Software Provider Adopts Cloud Services, Triples Customer Base Monthly

Founded in 2009, Connect2Field focuses exclusively on its namesake product, an application that customers use to coordinate field service jobs. It asked its developers to maintain the Connect2Field application on servers at third-party data centers, but this decreased productivity. The company sought a scalable cloud solution to make its offering available globally. In January 2010, Connect2Field moved its application to Windows Azure, using multitenant databases on Microsoft SQL Azure and employing Windows Azure Blob Storage to store customer data. Thanks to the Content Distribution Network, customers around the world get fast access to the application. Since moving Connect2Field to Windows Azure, the company has tripled its customer base monthly. It avoids spending thousands of dollars annually on maintenance and benefits from a reliable, scalable, and highly secure cloud platform.

"Since we moved our application to Windows Azure, our customer base has been doubling, if not tripling, on a monthly basis. Within two years, we expect to have tens of thousands of customer using our product."

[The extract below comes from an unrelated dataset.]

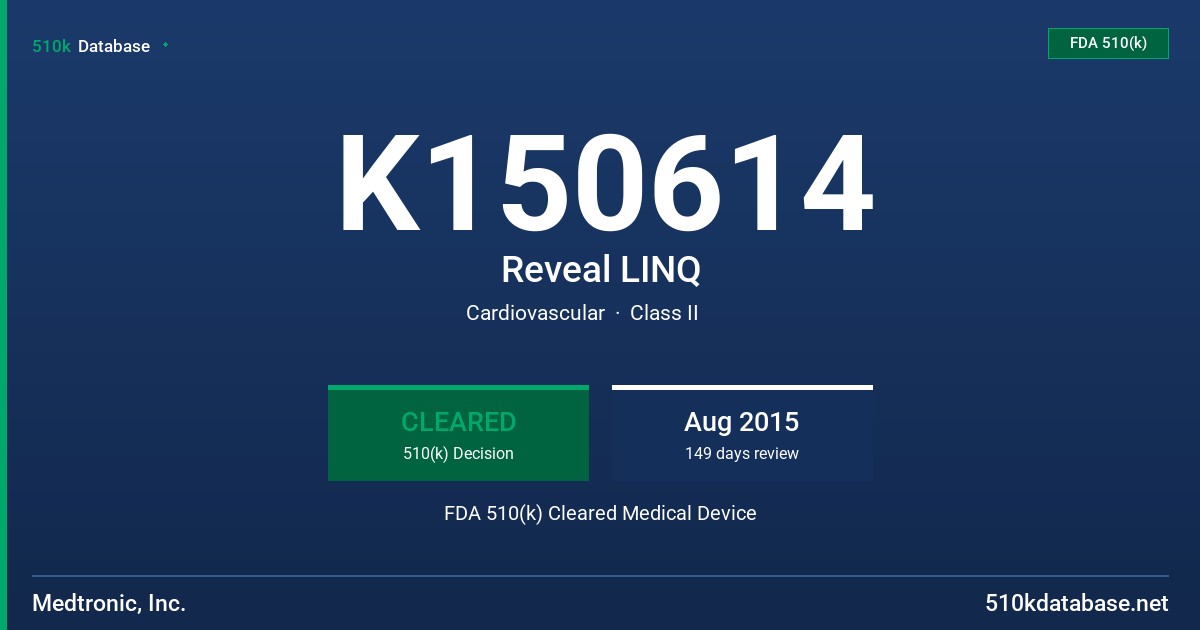 K150614 Reveal LINQ FDA 510(k) Cleared Medical Device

Steven Orenstein, Chief Executive Officer, Connect2Field

Business Needs

Founded in 2009 and headquartered in Sydney, Australia, Connect2Field is an independent software vendor that develops its namesake product, Connect2Field, an application that enables customers to administer and dispatch field service jobs with ease. “We developed Connect2Field as a job management, scheduling, and monitoring application for small service companies,” says Steven Orenstein, Chief Executive Officer at Connect2Field. “Our customers rely very heavily on our product. They use it every single day.”

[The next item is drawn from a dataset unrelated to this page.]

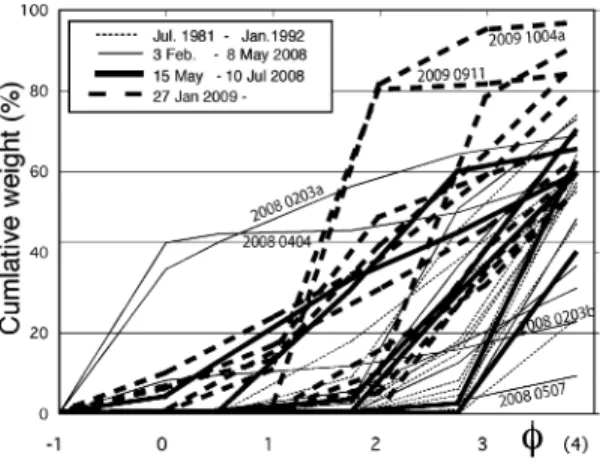 Fig. . Particle size distribution curves of volcanic ash.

Connect2Field has hundreds of customers in 15 countries, often small businesses of 30 or fewer employees. Its customer base includes electricians, plumbers, landscapers, property maintenance companies, repair services, crane operators, and security companies—any entity that sends workers into the field. Field workers use the browser-based application to receive and send job information from their mobile devices.

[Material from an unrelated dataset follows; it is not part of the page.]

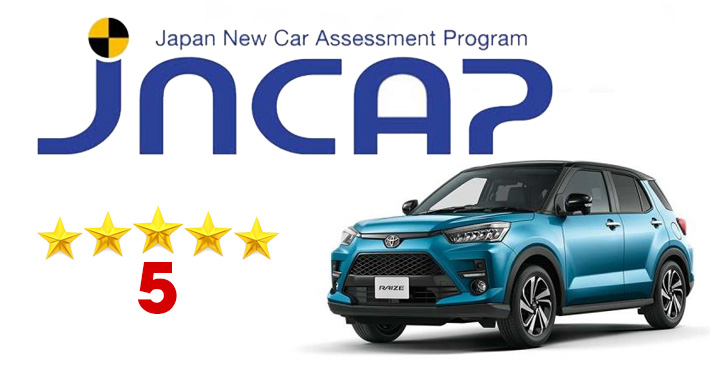 Toyota Raize: Công nghệ an toàn đa dạng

Customers use Connect2Field to replace paper-based job management with streamlined and automated processes. They employ the application’s tools to create jobs, process invoices, check field workers’ schedules, dispatch jobs, manage inventories and quotes, and communicate easily by using email and text messages. For example, from within the application, field workers can click “Start” when they begin a job and click “Finish” when it is completed—and the job’s status is updated in real time at the main office.

In addition, customers can customize the application to create maintenance or safety procedures, capture details such as serial numbers, or query field workers using dropdown menus, text boxes, or date boxes, for example. “The system is really flexible and powerful,” says Orenstein.

From July 2007 to January 2010, Connect2Field set up individual instances of the Connect2Field application for each customer on servers hosted at third-party data centers in Sydney and Melbourne. The company’s five full-time developers spent an average of four hours a week on infrastructure maintenance, but they still could not avoid server problems that would cause the Connect2Field service to fail. “Sometimes we had outages that occurred at 3 A.M. and we’d work until 10 A.M. to resolve the issue,” says Orenstein. “Our developers would lose an entire day of productivity because they’d been up all night. It was destroying our business.”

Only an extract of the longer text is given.